> _ASSIGNMENT_
Write out, exactly and in full, the line where "Kenzo x H&M silk blouse size 2" appears together with all lines that follow it in the entries below. Do not include pictures.

(RECORDS SHOWN)

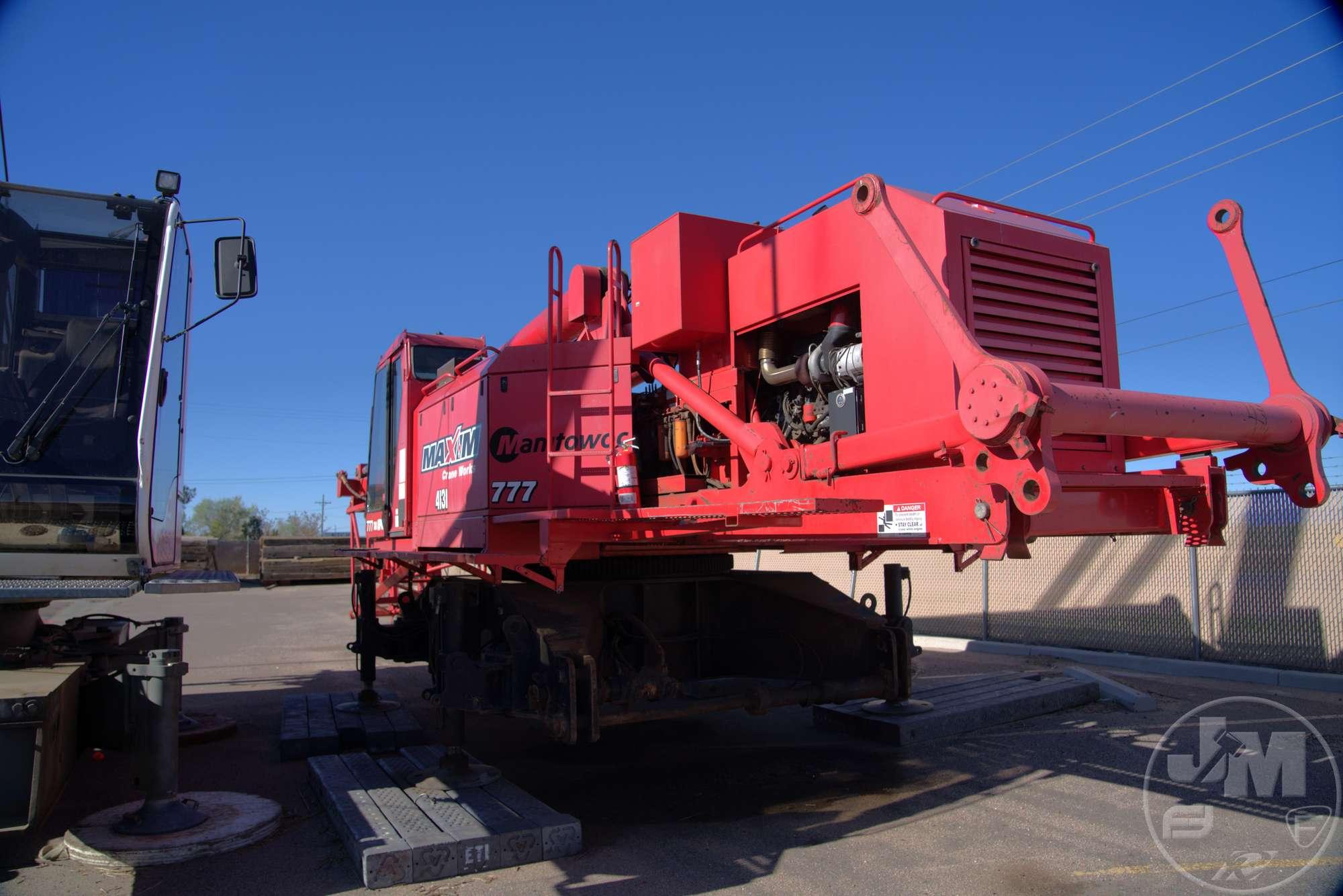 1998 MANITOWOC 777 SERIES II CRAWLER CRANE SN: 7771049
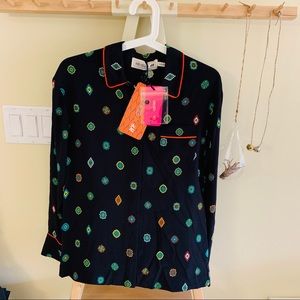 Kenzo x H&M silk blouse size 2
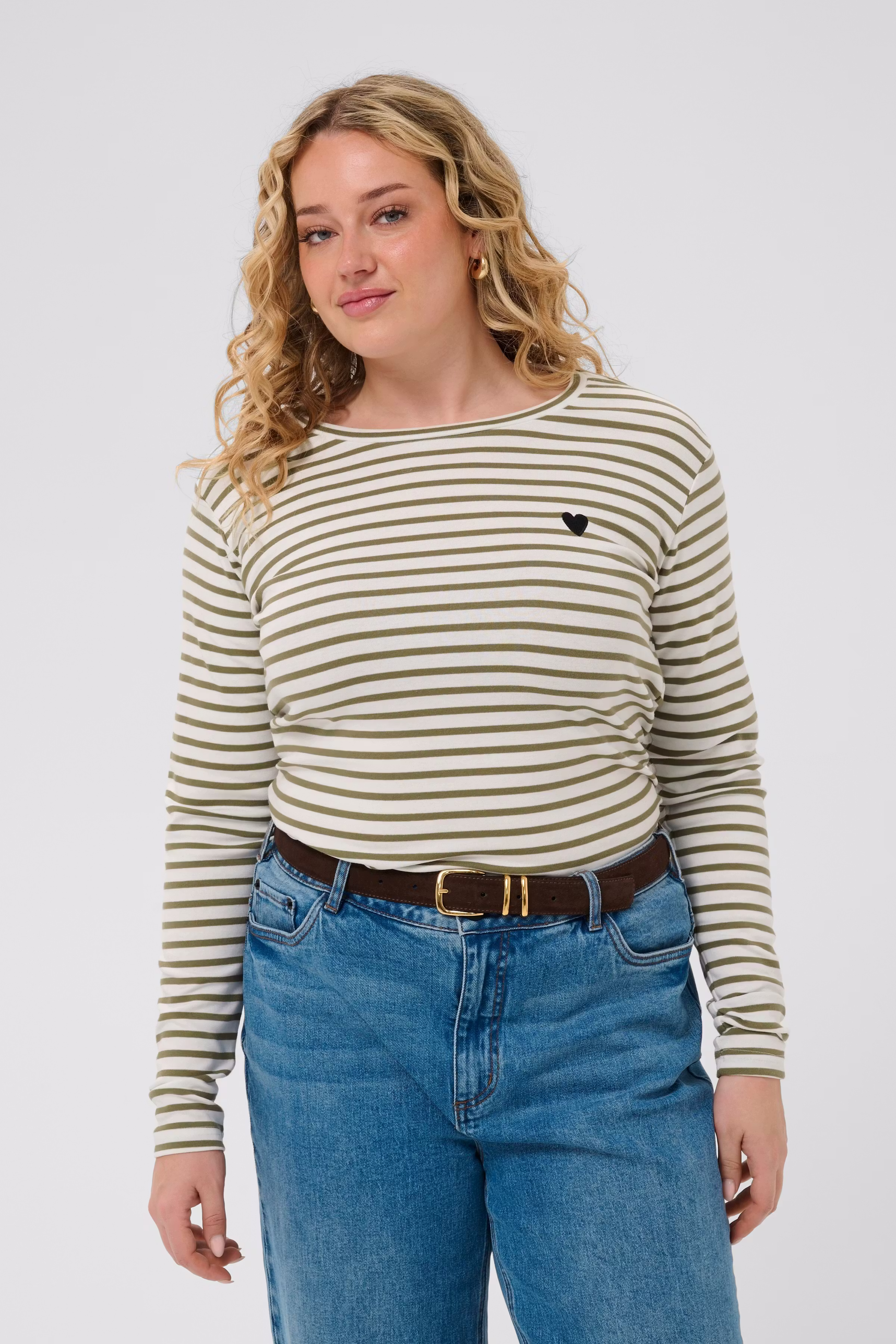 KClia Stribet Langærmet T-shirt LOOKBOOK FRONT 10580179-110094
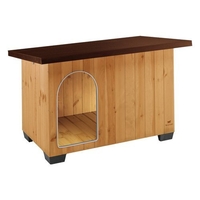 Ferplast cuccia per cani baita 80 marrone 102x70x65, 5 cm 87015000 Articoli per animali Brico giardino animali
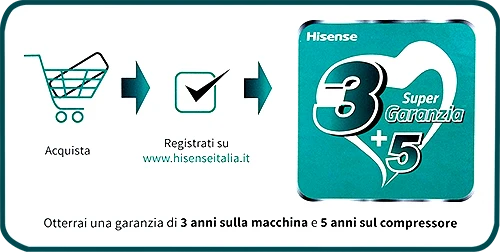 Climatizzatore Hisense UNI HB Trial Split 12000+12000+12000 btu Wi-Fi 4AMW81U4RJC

(End RECORDS SHOWN)

> _WRITTEN SOLUTION_
 Kenzo x H&M silk blouse size 2
 KClia Stribet Langærmet T-shirt LOOKBOOK FRONT 10580179-110094
 Ferplast cuccia per cani baita 80 marrone 102x70x65, 5 cm 87015000 Articoli per animali Brico giardino animali
 Climatizzatore Hisense UNI HB Trial Split 12000+12000+12000 btu Wi-Fi 4AMW81U4RJC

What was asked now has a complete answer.